Armes de Mgr Cézerac

Sur l’intervention même de Pierre-Célestin Cézerac, la Revue de Gascogne s’exprime ainsi : « M. Cézerac excelle à mettre en vers, presque en musique, les aspects divers de la nature et de la vie des champs. Il fait des efforts souvent couronnés de succès pour exprimer, lui historien lettré, l’âme rustique. Des pièces également remarquables, comme La pregario dou boè, sont d’un ami du vieux langage et surtout d’un lettré. Leur forme rappelle Lamartine. » L’abbé Cézerac propose également les pièces suivantes : La perigglèro (soit L’orage), La crouts de la justico (soit La croix de la justice) ou encore Lou darrè moulie de Bouhobent (soit Le dernier meunier de Bouhobent). Ami de la langue d’oc, Pierre-Célestin Cézerac le reste lorsqu’archevêque d’Albi il rappelle en 1919 dans sa Lettre aux prêtres sur le chant sacré les sonorités de « la belle langue populaire, douce et musicale ». Mais pour conclure le dernier volet de ces « archives des muses » nous nous quittons sur quelques vers gascons (parler d’Armagnac) de l’abbé Cézerac issus justement de sa Pregario dou boè (soit La prière du vacher) :

Lou jour es acabat. Coum uo molo roujo
Lou sourelh debarat toucauo lous coustous,
Lou boè plen de calou, negre coumo la soujo,
S’apuauo sou cot de sous buus amistous ;

E mountauon tout tres, lous compagnous de peno
L’aret pausat sou jugn, pou camin peirusquet.
Éron plan auejats ! mès aro la sereno
Que bouhauo dou bos un pau d’aire fresquet.

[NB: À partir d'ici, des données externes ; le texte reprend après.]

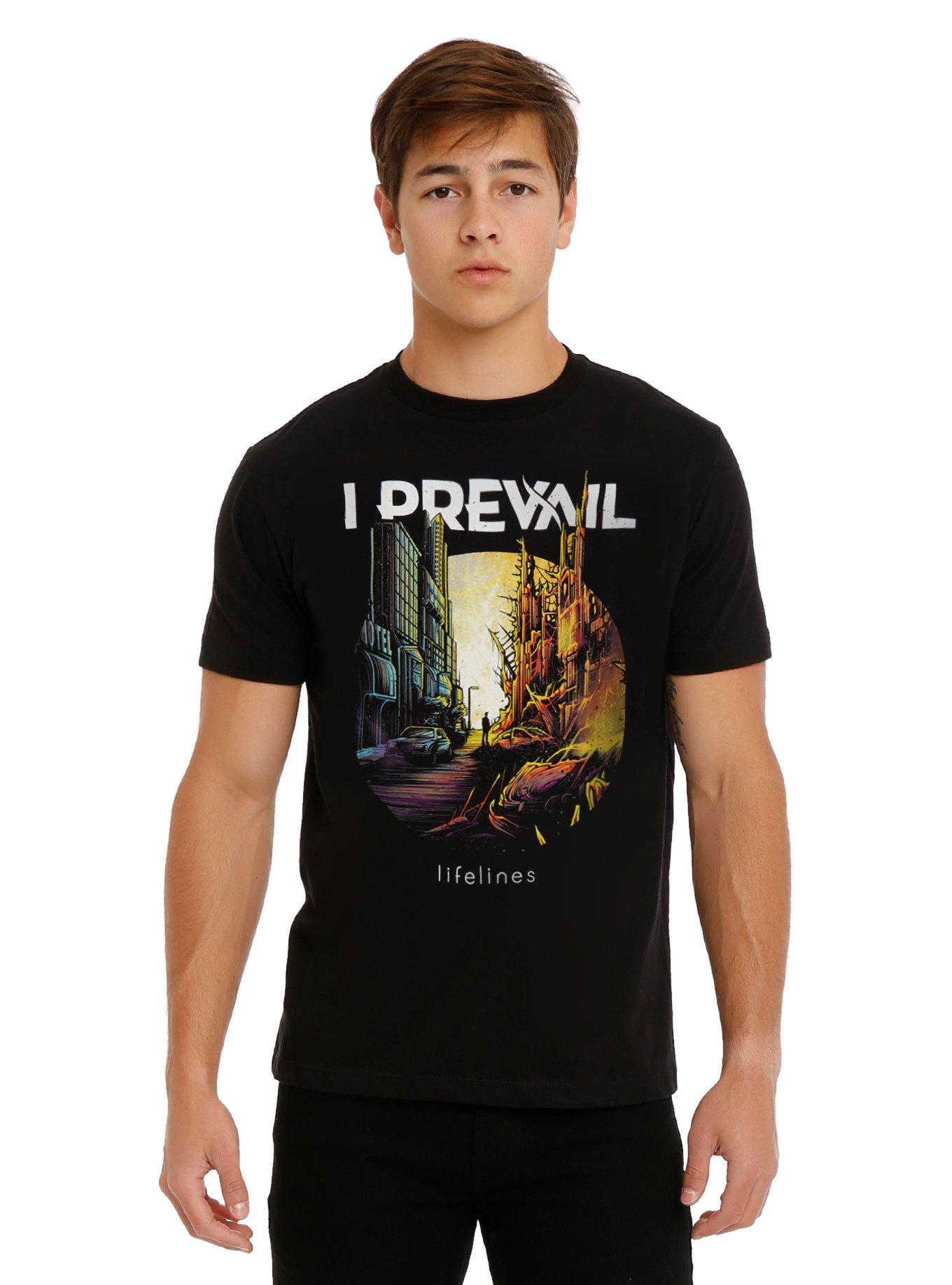 I Prevail Lifelines Cover T-Shirt, , alternate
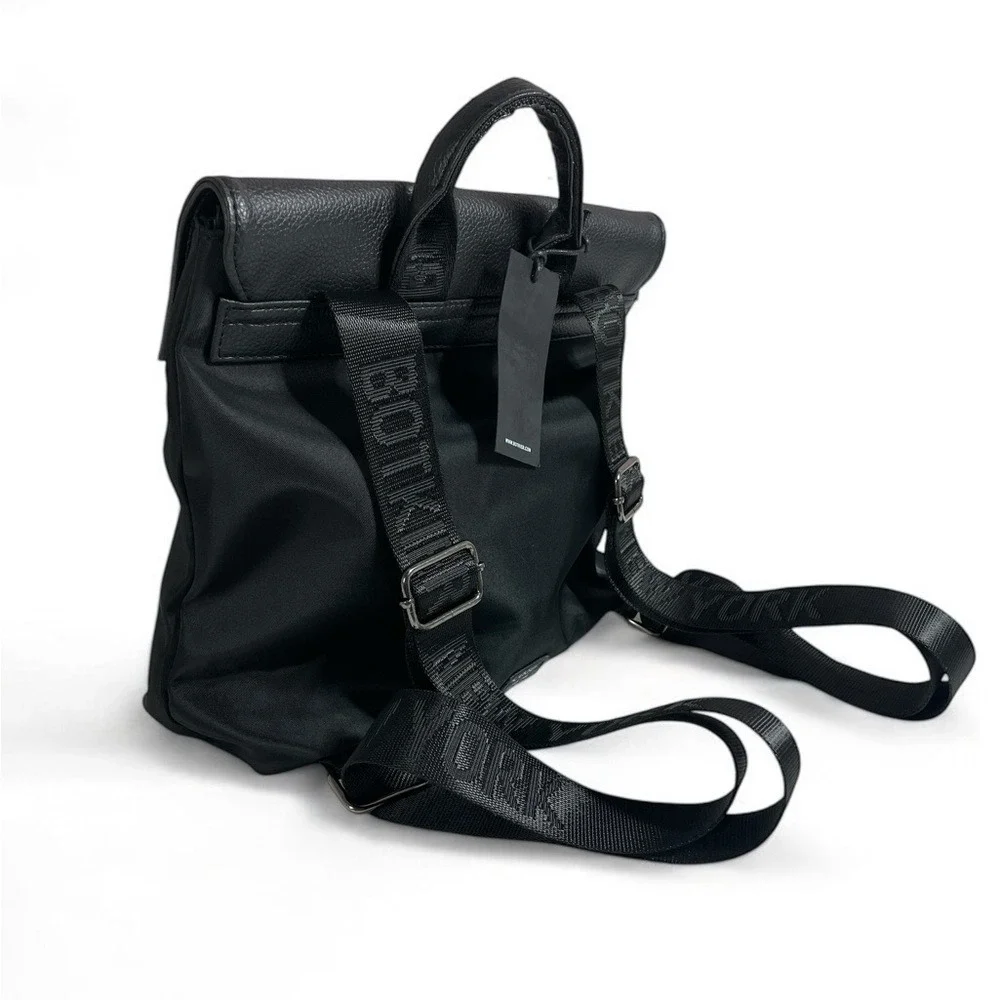 Botkier | Sleek Black‎ Mini Backpack Adjustable Branded Straps Tassel Pockets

La cansoun d’un baquè de pou houns de la plano
Passauo douçomen, como bolo un auzèt.
Entenèuon taben, sous pastens de l’abrano,
Dous agnèts estarits beleja lou troupèt.

Traduction interprétée en rimes :

La journée est finie. Telle une meule rougie
Le soleil couchant effleure les coteaux,
Le bouvier échaudé, noir comme la suie,
S’appuie contre ses chers bœufs amicaux ;

Et tous trois ils montent, les compagnons de peine
La charrue posée sur le joug, par le chemin heurté.
Ils étaient bien fatigués ! mais maintenant la sirène
Souffle du bosquet un peu d’air frisquet.

La chanson d’un vacher du fond de la plaine
Passe aussi doucement que vole un oiseau.
Ils entendent aussi, dans les bruyères du domaine,
Deux agneaux assoiffés bêlant le troupeau.

Les textes de Mgr Pierre-Célestin Cézerac sont à retrouver aux Archives diocésaines d’Albi.